Says, she shall at last do the Work; with which, after a Speech of Two or Three Hundred Lines she ends the Act. Indeed my Lord seems often to have a peculiar Fancy to punning, and that in all his chief Characters; as Cæsar says in the Second Act,

Great Pompey's Pomp is past——
and
To seem uncivil in these Civil Wars.

But not to wrong my Lord in the Judgment of the Readers, by these ridiculous Quotations; they are to consider, First, that this was the Vice of the Age, not the Poet; he having in that, as well as some other things, imitated the Vices of our admirable Shakespear, and next that these punning Fits come not very often upon him.

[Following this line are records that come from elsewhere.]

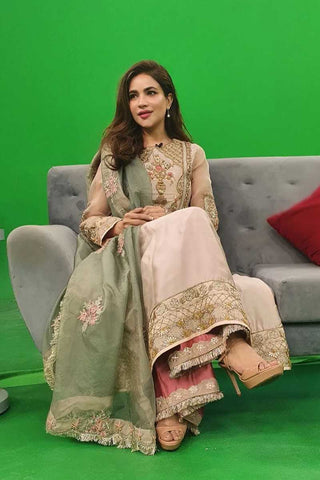 Pakistani Pale Pink Embroidered Silk-Blend Salwar Kameez (3-Piece) - Image 3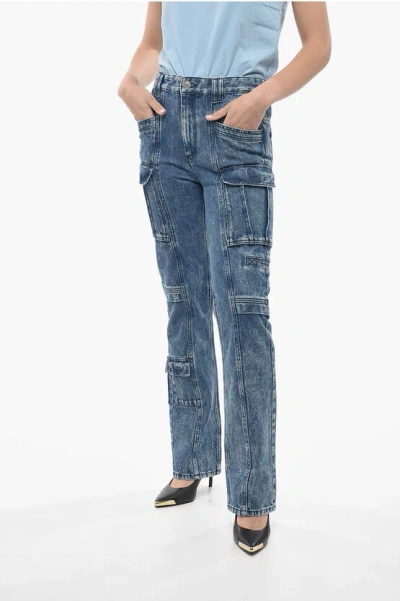 Isabel Marant Dark Wash Vokaio Cargo Denims 22cm In Blue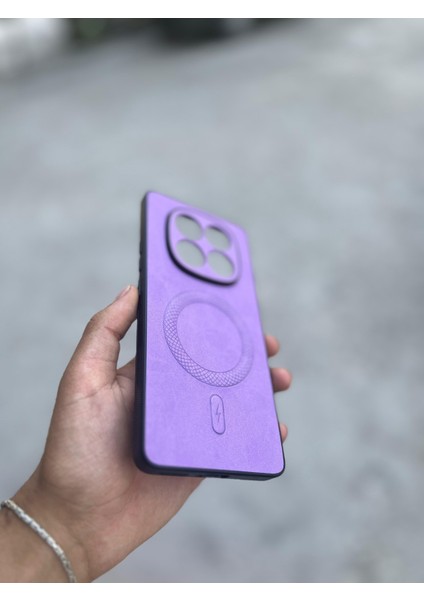Xiaomi Redmi Note 14 Uyumlu Magsafe Özellikli Deri Görünümlü Silikon Kılıf modelleri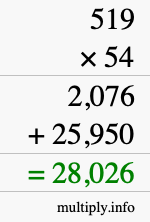 How to calculate 519 times 54 using long multiplication How to calculate 519 times 54 using long multiplication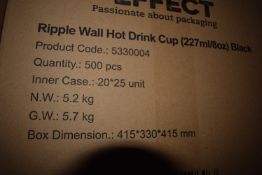 *Box of Ripple Wall Hot Drink Cups Black 8oz 500 Pieces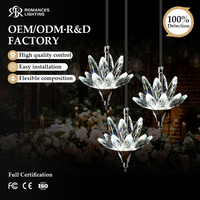 Décoration de mariage moderne et luxueuse, lumières féériques en cristal en forme de lotus, lustre LED suspendu pour la décoration de mariage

To shew that he writes in another Strain sometimes, I must give you Three or Four Lines, (my Brevity denying more large Quotations) which will give you a Taste of his better Parts.

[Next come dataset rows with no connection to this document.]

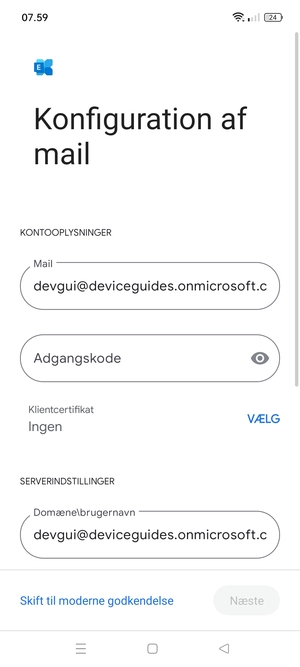 Indtast din adgangskode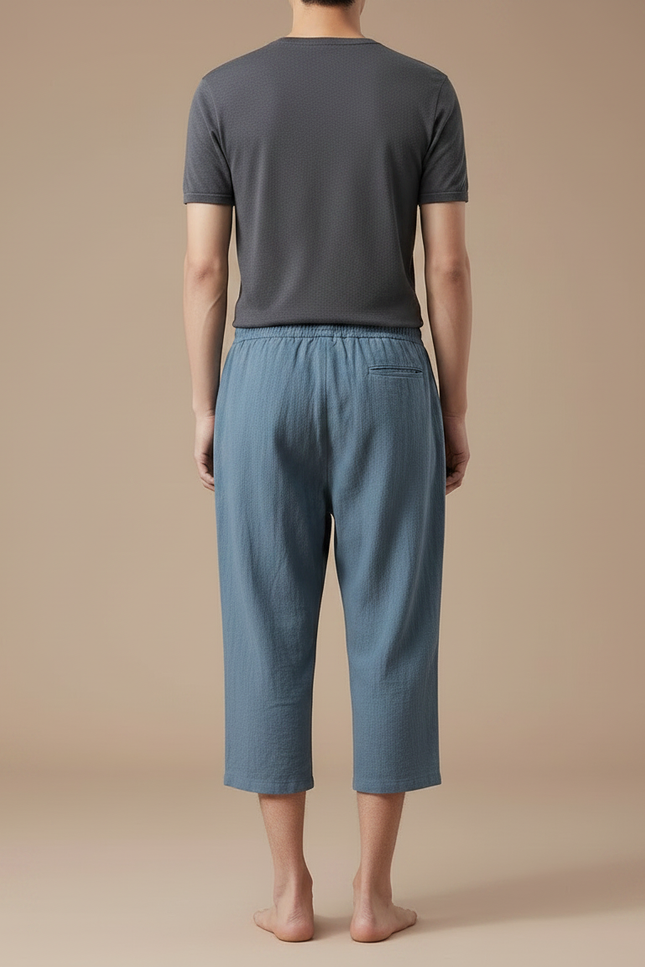 Pantalon Japonais Bleu Coton Ample Court Cordon Décontracté - Lin - vue 2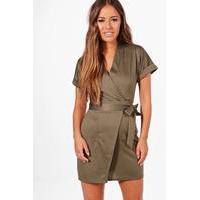 Loredana Obie Tie Wrap Dress - khaki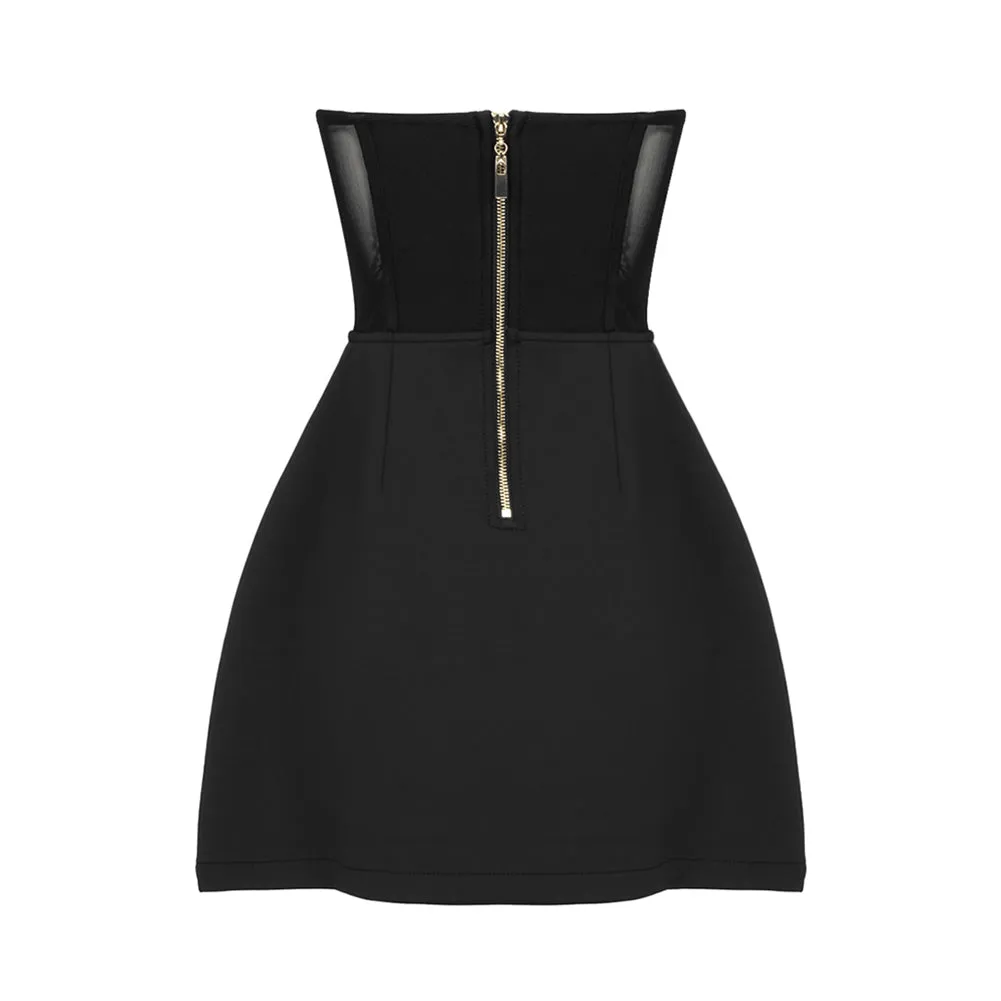 Strapless Sleeveless Rhinestone Mini Bodycon Dress BD2435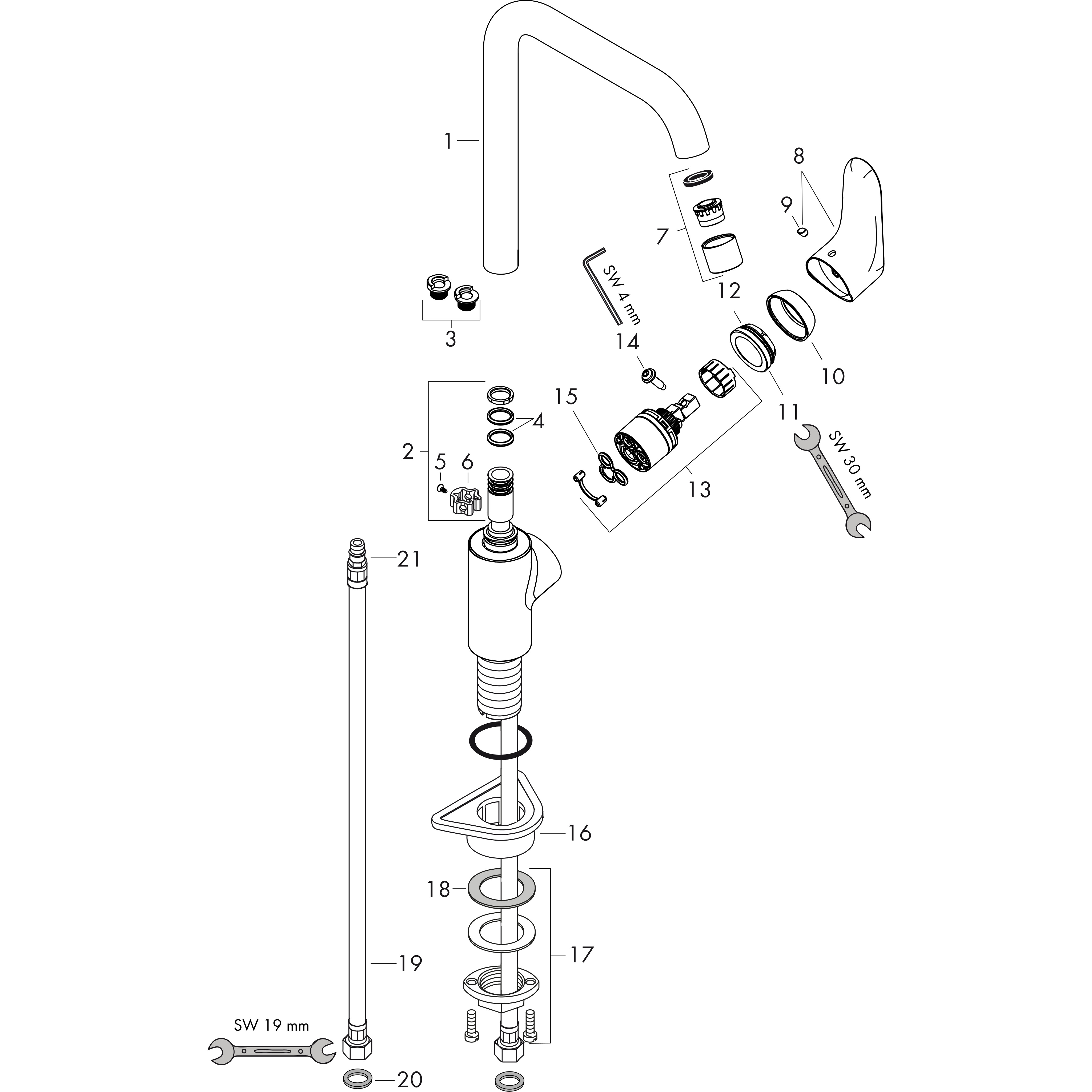 hansgrohe Kitchen mixer hansgrohe 31834000 focus 260 high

Love is a joy, which upon Pain depends;
A Drop of sweet drown'd in a Sea of Sowers:
What Folly doth begin, that Fury ends;
They Hate for Ever, who have Lov'd for Hours.

'Tis the Reflection of Adrastus in Cræsus, the most moving Play of the Four; but to return to Cæsar. In the Second Act, Cæsar thinks it a part of his Grandeur to boast his Deeds to Anthony (who knew 'em well enough before) and betwixt 'em both, we have an Account of his Commentaries, and almost a Diary of his Actions. I can't omit one thing in this Play, in the Fifth Act he brings Brutus, Cassius, Cicero, Anthony, &c. together after the Death of Cæsar, almost in the same Circumstances as Shakespear had done in his Play of this Name. But Shakespear's Anthony and Brutus ravish you, while my Lord's Brutus, Cicero, and Anthony would make you sleep, so much our English Poet excels. This must be said for my Lord's Julius Cæsar, that it is much the most regular of all his Plays, at least in the Unity of Action, which is only Cæsar's Death, tho' the whole last Act is almost redundant, for when Cæsar is once dead, we have no occasion to hear of the Consequence of it, either in the Grief of Calpurnia, or the Disagreements of the Noblemen and Commons; but this may be objected likewise to Shakespear, who gives us a History, not a Play.

But 'tis time now to give over our Reflections on this Poet, and give the Reader a more particular account of their Plots, in their Alphabetical Order.

The Alexandrean Tragedy, For the Plot you may consult Quintus Curtius, and the 13th Book of Justin, Diodorus Sciculus, l. 18. Orosius, l. 3. c. 21. Josephus l. 13. c. 1. Appian de Bellis Syriacis. Saliani Annales Ecclesiastici A. M. 3730. N. 30. &c. Torniel. A. M. 3730. N. 5. Raleigh's Hist. l. 4. c. 3. Heylin's Hist. of Greece, Howel, &c.

Crœsus, Taken from Herodot. Clio. Justin., l. 1. c. 7. Plutarch's Life of Solon. Salian. Torniel. A. M. 3510. Xenophon's Cyropaideia.

Darius, This, as Mr. Langbain assures us, was the First Fruit of his Lordship's Dramatick Muse, Publish'd at Edinburgh, 1603. when he was yet Lord Menstrie: The Language and design very much improv'd in this last Folio Edition. As to the Plot, consult Quintus Curtius, lib. 3, 4, & 5. Justin., l. 11. c. 5. &c. Diodorus, l. 17. Arrian, de Expeditione Alexandri, l. 2. Plutarch's Life of Alexander, Salian, A. M. 2719, &c.

Julius Cæsar, The Story of this Play will be exactly found in the Roman Histories, Plutarch and Suetonius in the Life of Cæsar, Appian de Bellis Civilibus, lib. 2. Florus, l. 4. c. 2. Salian, Torniel, &c.

He has writ besides these Plays, Doomsday. A Parænæsis to Prince Henry, on whose Death he dedicated it to Prince Charles, afterwards King Charles I. A Fragment of an intended Heroick Poem of Jonathan, of which he has left but one Book.